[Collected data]
+-------+
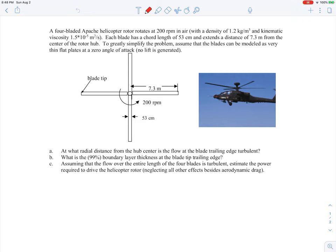In this example, we're asked to analyze the rotor blades for an Apache helicopter. We're given some information about the helicopter — how fast the rotor is spinning, of course it's spinning in air, the chord length of the blades (the distance from the leading edge to the trailing edge), the blade extends 7.3 meters from the center of the rotor hub. We're greatly simplifying by assuming the blades can be modeled as very thin flat plates at zero angle of attack, so no lift is generated — just a simple back-of-the-envelope analysis.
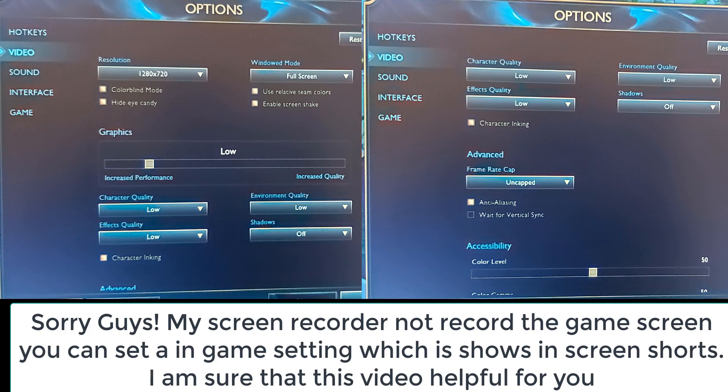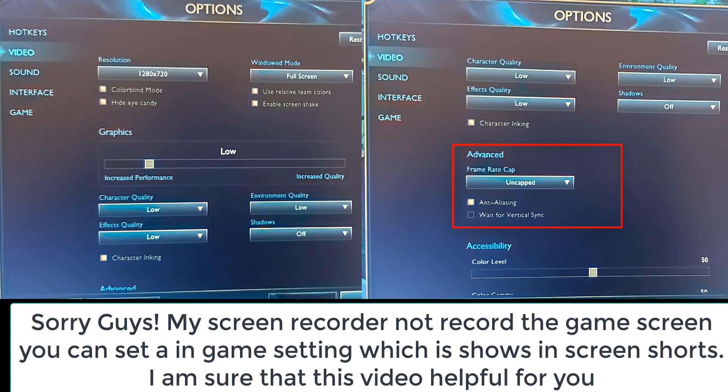After doing that, click on 'Character Linking'. Then select the frame rate — you can set it to uncapped. You can also uncheck anti-aliasing. After doing all that, click the OK button.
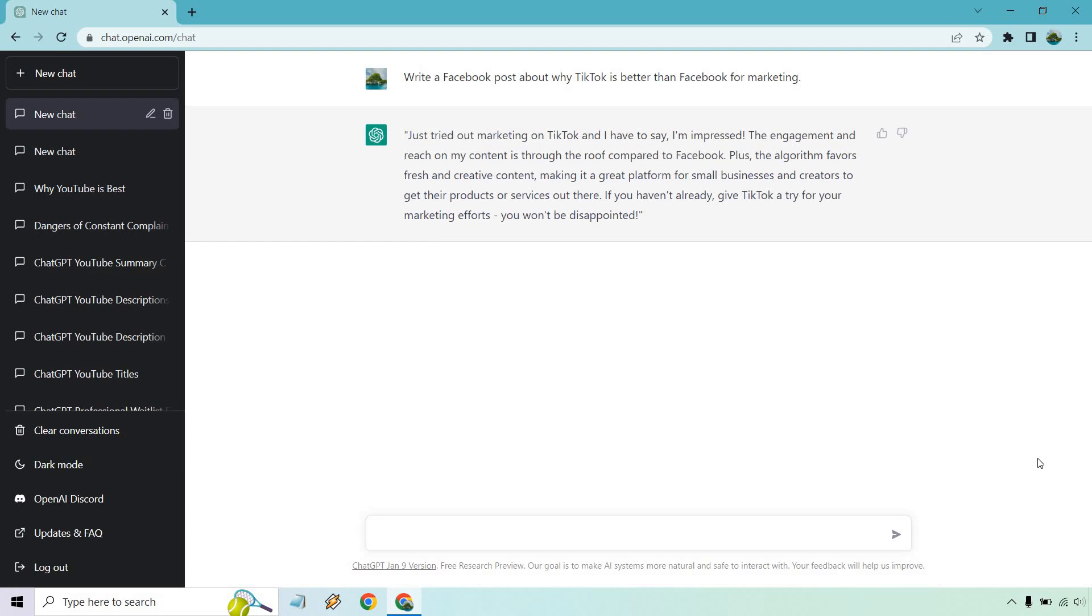Alright, this looks more or reads more like a testimonial, but hey, we're still getting content, right? Just tried out marketing on TikTok and I have to say I'm impressed. The engagement and reach on my content is through the roof compared to Facebook. Plus the algorithm favors fresh and creative content, making it a great platform for small businesses and creators to get their products or services out there. If you haven't already, give TikTok a try for your marketing efforts, you won't be disappointed.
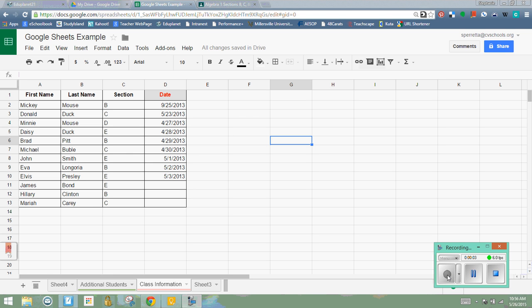Okay, now we're going to take a look at managing your columns and rows, reordering them and putting them in different places. The first thing I'd like to do is reorder my data so that I don't have first name first. I want the last name to be listed first.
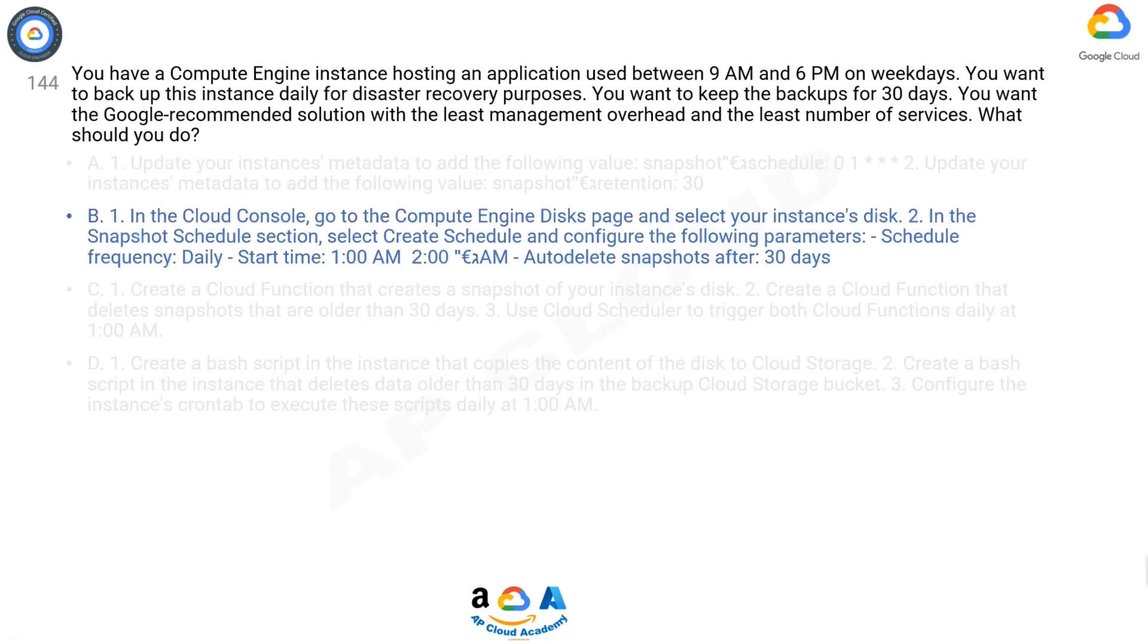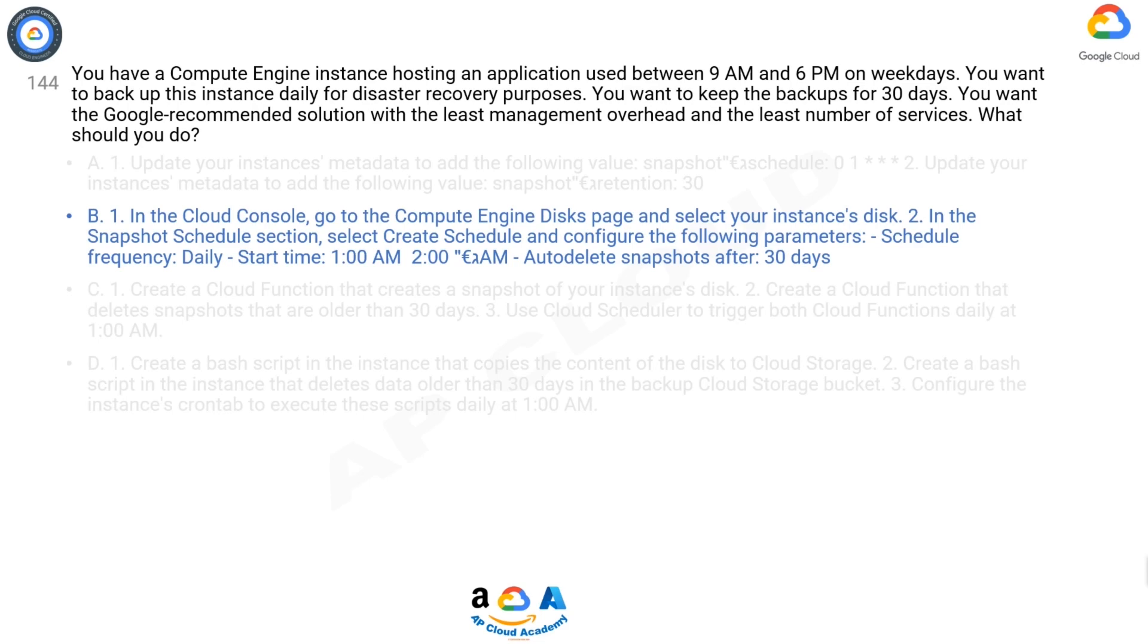Correct answer is B. Creating scheduled snapshots for persistent disk. This document describes how to create a snapshot schedule to regularly and automatically back up your zonal and regional persistent disks. Use snapshot schedules as a best practice to back up your Compute Engine workloads. After creating a snapshot schedule, you can apply it to one or more persistent disks.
+-------+
**What is being asked:** Copy, word for word, the entries above from the first line to the line that holds "Alright, this looks". Drop the pictures.

**Answer space:**
In this example, we're asked to analyze the rotor blades for an Apache helicopter. We're given some information about the helicopter — how fast the rotor is spinning, of course it's spinning in air, the chord length of the blades (the distance from the leading edge to the trailing edge), the blade extends 7.3 meters from the center of the rotor hub. We're greatly simplifying by assuming the blades can be modeled as very thin flat plates at zero angle of attack, so no lift is generated — just a simple back-of-the-envelope analysis.
After doing that, click on 'Character Linking'. Then select the frame rate — you can set it to uncapped. You can also uncheck anti-aliasing. After doing all that, click the OK button.
Alright, this looks more or reads more like a testimonial, but hey, we're still getting content, right? Just tried out marketing on TikTok and I have to say I'm impressed. The engagement and reach on my content is through the roof compared to Facebook. Plus the algorithm favors fresh and creative content, making it a great platform for small businesses and creators to get their products or services out there. If you haven't already, give TikTok a try for your marketing efforts, you won't be disappointed.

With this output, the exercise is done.